George Osborne might be the youngest Chancellor of the Exchequer in more than a century, but there was nothing callow about the delivery of his emergency Budget yesterday. It was a confident performance. And the speech itself was clear and well structured. So much for the style; what of the substance?
Mr Osborne called it the "unavoidable" Budget. But we should be clear that the Chancellor has made a controversial choice here. The report from the new Office for Budget Responsibility earlier this month indicated that the previous government's fiscal plans would have eliminated the bulk of the structural deficit by 2015, which was what the Tories also promised in their manifesto. Yesterday Mr Osborne decided to go further and faster. The Chancellor feels that the medium-term economic gains of this voluntary austerity will outweigh the short-term pain. We now wait to see the results in the hope (if not great confidence) that he will be proved correct.
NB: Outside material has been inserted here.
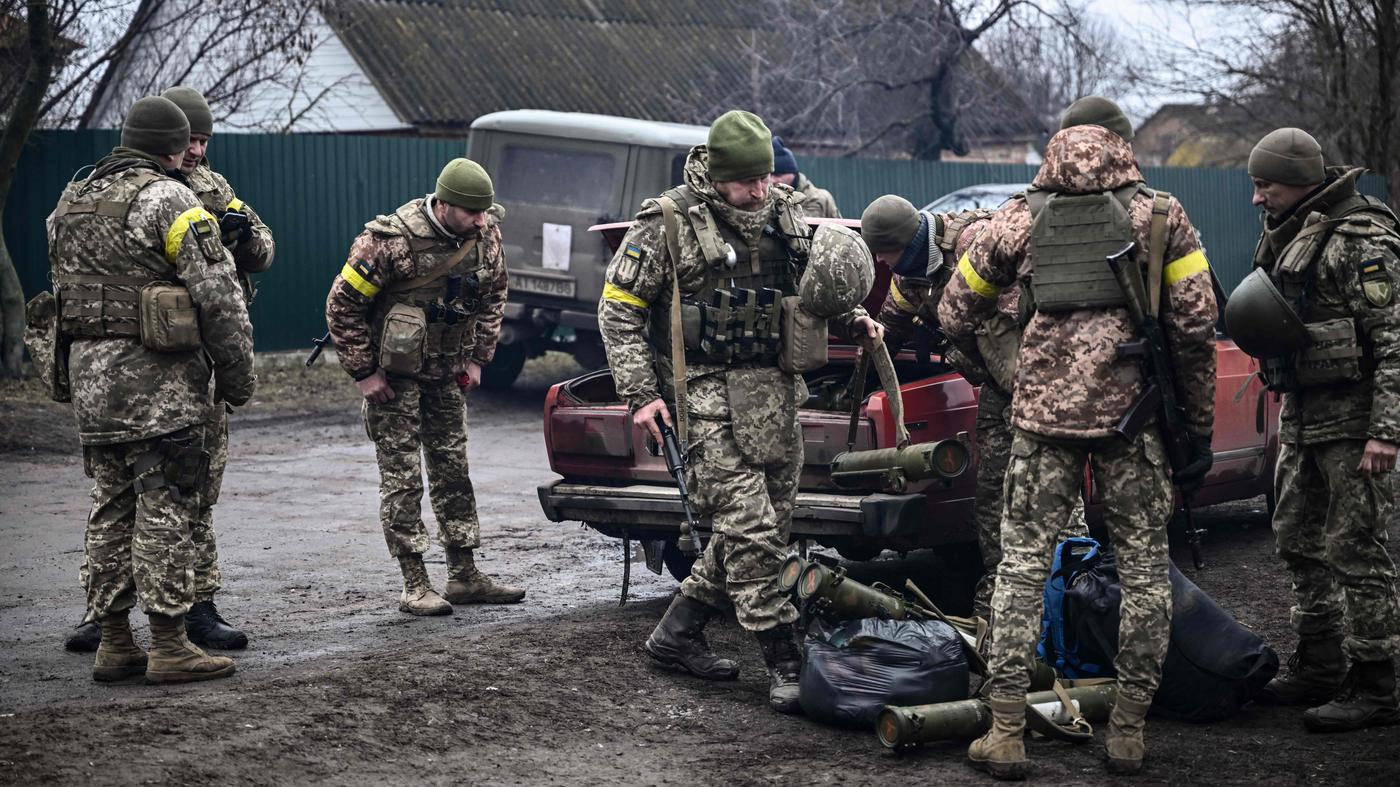 Тин украина. Украинцы о войне на Украине.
In terms of the shape of the consolidation, this Budget was a mixed bag. This is true on taxation, which Mr Osborne told us would take 23 per cent of the deficit reduction burden. The increase in the personal income tax allowance, taking 880,000 low earners out of the tax net, is welcome. So is the levy on the balance sheets of banks. The Chancellor deserves credit for moving unilaterally on this despite the protestations of the banking lobby. And the reforms to Capital Gains Tax are a step in the right direction.
The rise in VAT, however, has to be considered a blow. This is a regressive levy, hitting those on low incomes hardest. And it could have been avoided by raising property taxes along the lines of Vince Cable's mansion tax. The Government has also missed an opportunity to make a switch to green taxation. The Budget gave us a weak pledge to "explore" an aviation tax levied per plane, rather than per passenger. And there was no mention of a carbon tax, even though this would have been just as simple to collect as a hike in VAT.
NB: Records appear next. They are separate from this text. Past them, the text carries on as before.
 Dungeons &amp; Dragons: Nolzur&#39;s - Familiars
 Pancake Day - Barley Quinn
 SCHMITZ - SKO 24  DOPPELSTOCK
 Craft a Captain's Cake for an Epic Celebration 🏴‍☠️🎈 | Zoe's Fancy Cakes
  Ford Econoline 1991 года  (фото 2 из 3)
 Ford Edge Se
On the benefits front, Mr Osborne, in some ways, pulled up short of expectations. Child benefit is frozen for three years, but there will be no means testing. There is an increase in child tax credits for low income families, but reductions for families earning more than £40,000 a year. This can be said to pass the fairness test. Indeed, Mr Osborne might have gone further in pruning expensive universal benefits such as child benefit and the winter fuel allowance. Yet small schemes – maternity and pregnancy grants – will be pared back. A weekly cap will be imposed on housing benefit. These might seem like relatively small reforms in isolation, but the total savings in the welfare bill – £11bn by 2014/15 – will not be painless. And of course it tends to be the poor, not the wealthy, who benefit from such schemes.
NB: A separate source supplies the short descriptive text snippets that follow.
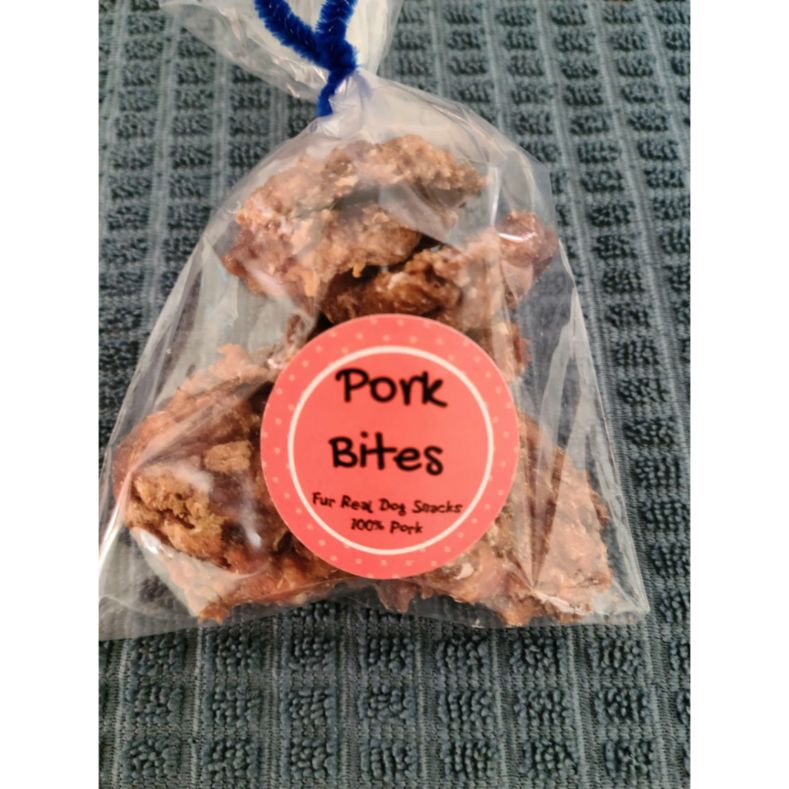 Pork Bites 6 ct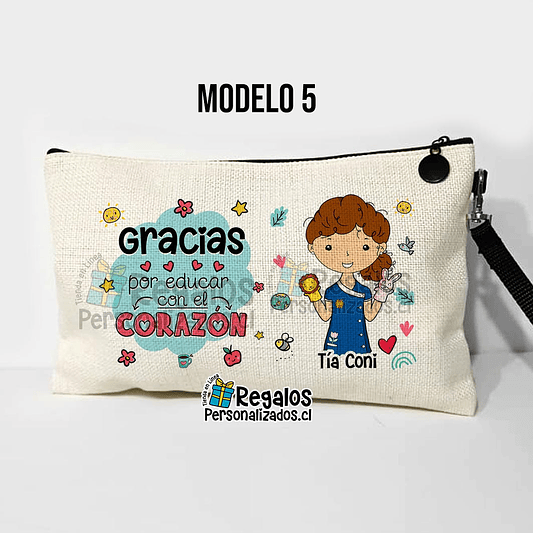 Estuche diseño Tecnico Ed. de Parvulo 9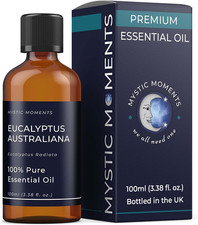 | Eucalipto Australiana Olio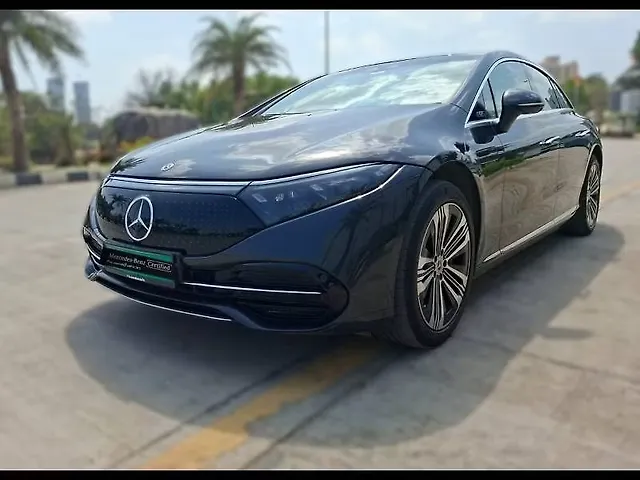 2022 Mercedes-Benz EQS - Photo 3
This was a more or less neutral Budget as far as businesses are concerned. Corporation tax will be steadily reduced, but this will be mostly offset by a cut in firms' tax allowances for capital expenditure. It is welcome that the Government will not slash capital spending further than Labour planned and that transport infrastructure projects in the North will continue to be funded.
But individual departmental spending cuts are the other, heavy, shoe that is yet to fall. Mr Osborne confirmed yesterday that most budgets will be reduced by around 25 per cent over the next four years. The comprehensive spending review in the autumn will give us a clearer idea of which public sector jobs will be cut and in which regions unemployment is likely to rise as a result. It will also tell us what public services are going to go.
If this Budget is something of an economic gamble by the coalition, it is also a political risk. The Government is hoping for a robust private-sector rebound before the end of the parliament. But there is no shortage of potential shocks out there. There could easily be another lurch in the domestic banking crisis, or a violent twist in the eurozone emergency. Business confidence here in Britain might simply turn out to be weaker than Mr Osborne hopes. Under such circumstances, the Chancellor could find himself delivering yet another emergency Budget.
There are dangers for the Liberal Democrats, too. The Budget response of Harriet Harman, the interim Labour leader, contained some wounding attack lines. The smaller partner in the coalition can, of course, point to policies such as the rise in the income tax threshold, capital gains tax and the restoration of the pensions and earnings link which it has long championed. They can also, legitimately, suggest what the Budget might have looked like if they had not been in the coalition. But the rise in VAT, against which they campaigned strongly in the recent election, is, at the very least, a severe embarrassment.
The hands of the Liberal Democrats are now well and truly "dipped in blood" on the Government's tax and spending plans. And Mr Osborne is firmly in economic control. The Liberal Democrats – and indeed the country – need to pray that the Chancellor's judgement will turn out to be as assured as yesterday's performance at the Despatch Box.